Your objective - Set down exactly the lines below between the line holding "03.10.2025 - Köhlbrandbrückenlauf" and the line holding "Las Palmas Bakery & Pupusas by null", inclusive; no other line belongs in the answer.

Information given -

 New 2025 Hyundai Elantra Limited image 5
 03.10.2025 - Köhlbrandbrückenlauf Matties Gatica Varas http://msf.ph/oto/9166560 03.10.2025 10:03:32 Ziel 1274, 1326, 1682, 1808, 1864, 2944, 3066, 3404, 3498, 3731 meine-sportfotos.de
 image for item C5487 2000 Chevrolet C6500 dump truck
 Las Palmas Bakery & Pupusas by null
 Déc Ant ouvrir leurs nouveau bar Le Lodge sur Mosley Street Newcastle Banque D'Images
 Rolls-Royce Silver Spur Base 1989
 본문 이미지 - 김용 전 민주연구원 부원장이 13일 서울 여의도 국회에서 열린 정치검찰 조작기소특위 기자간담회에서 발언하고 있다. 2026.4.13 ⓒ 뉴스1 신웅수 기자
* * *
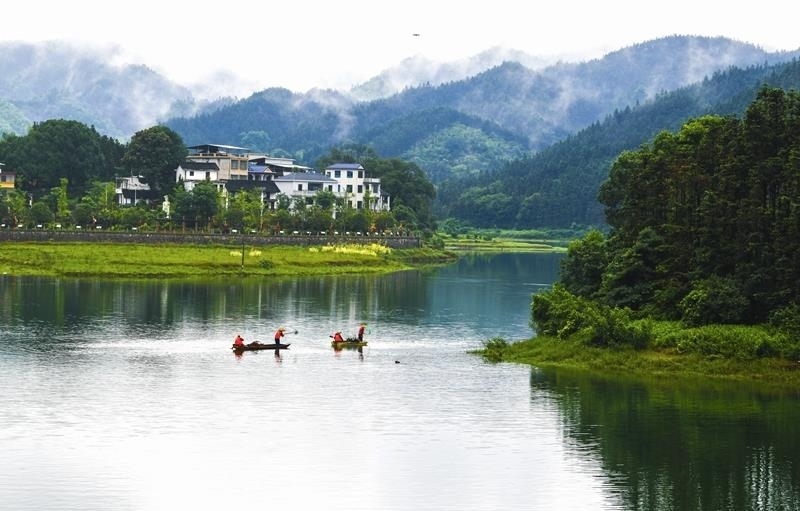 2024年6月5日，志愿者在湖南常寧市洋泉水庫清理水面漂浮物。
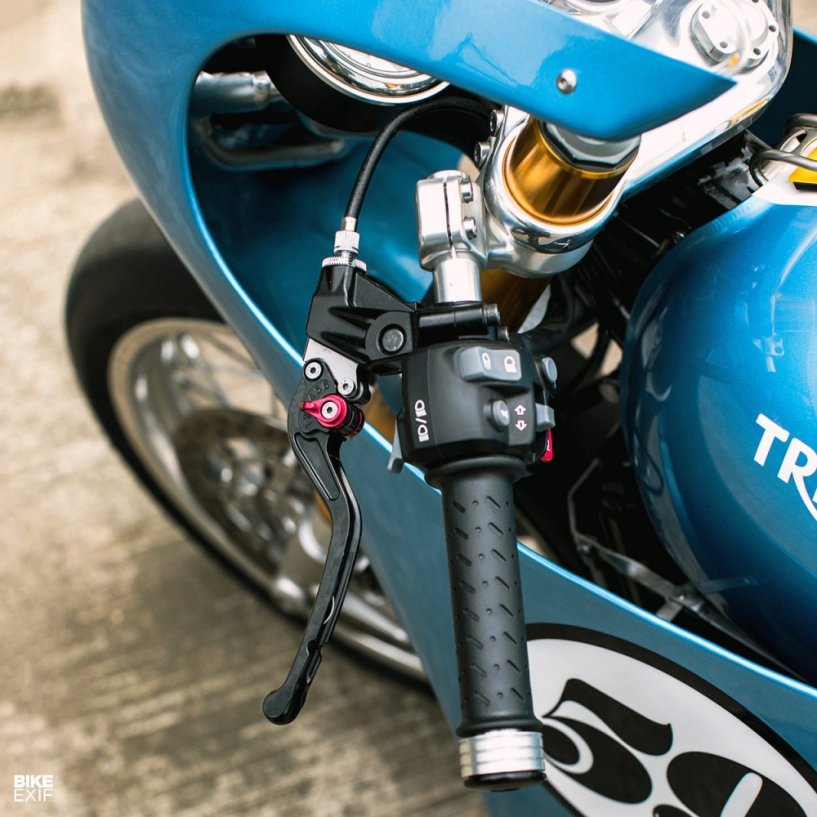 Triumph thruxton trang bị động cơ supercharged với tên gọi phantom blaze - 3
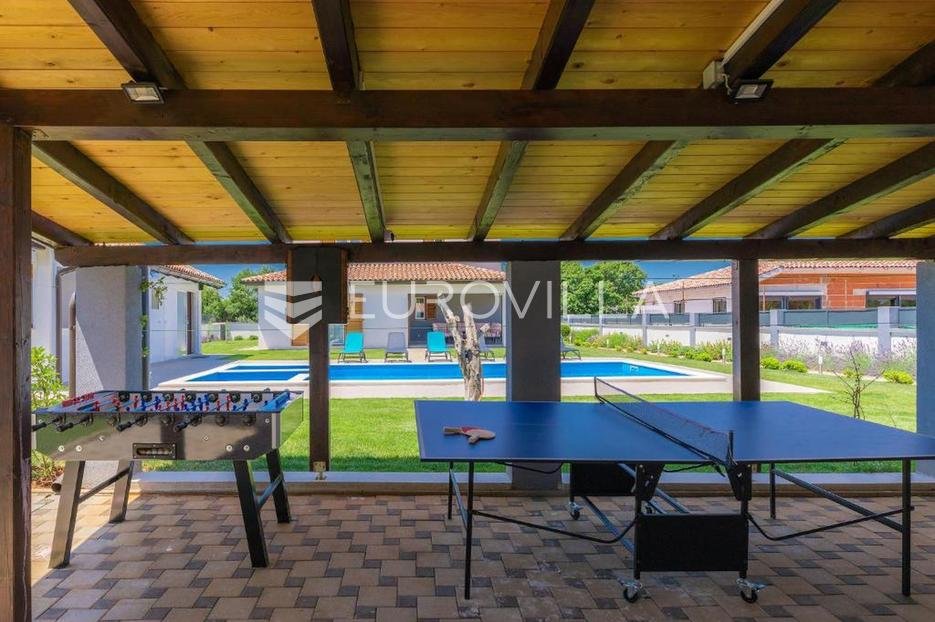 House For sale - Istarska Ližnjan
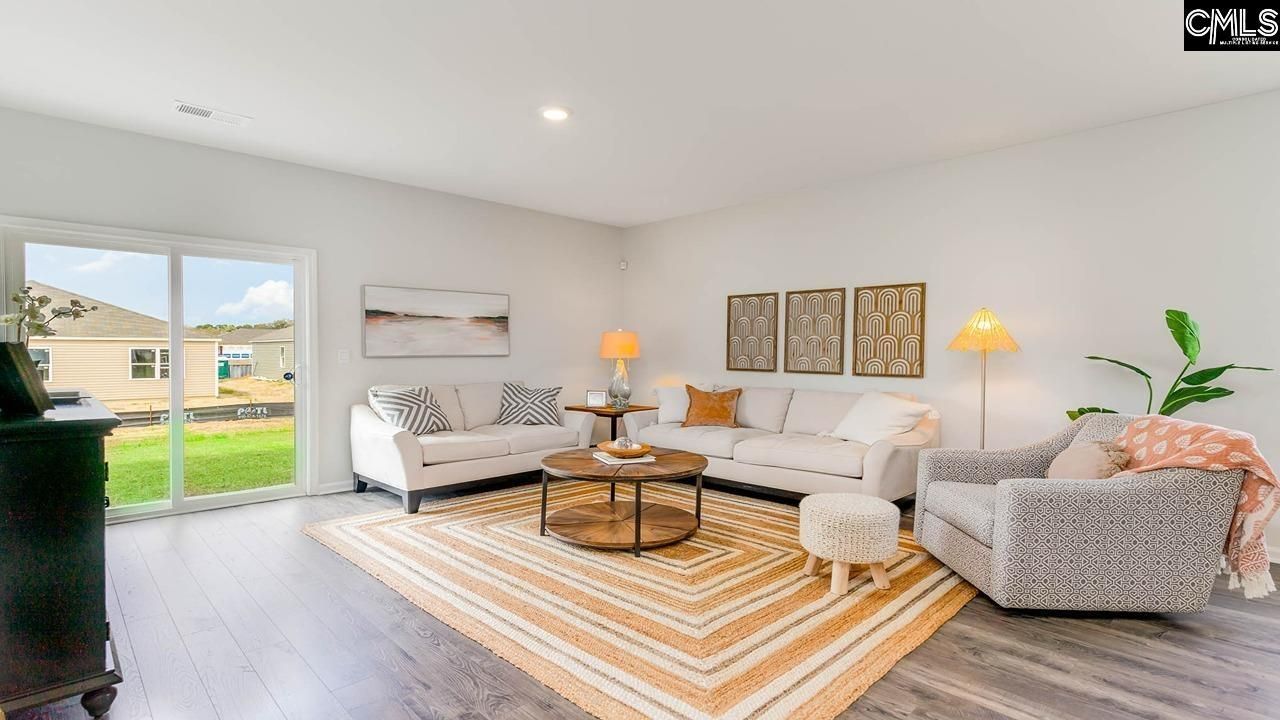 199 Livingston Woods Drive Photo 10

Exercise output -
 03.10.2025 - Köhlbrandbrückenlauf Matties Gatica Varas http://msf.ph/oto/9166560 03.10.2025 10:03:32 Ziel 1274, 1326, 1682, 1808, 1864, 2944, 3066, 3404, 3498, 3731 meine-sportfotos.de
 image for item C5487 2000 Chevrolet C6500 dump truck
 Las Palmas Bakery & Pupusas by null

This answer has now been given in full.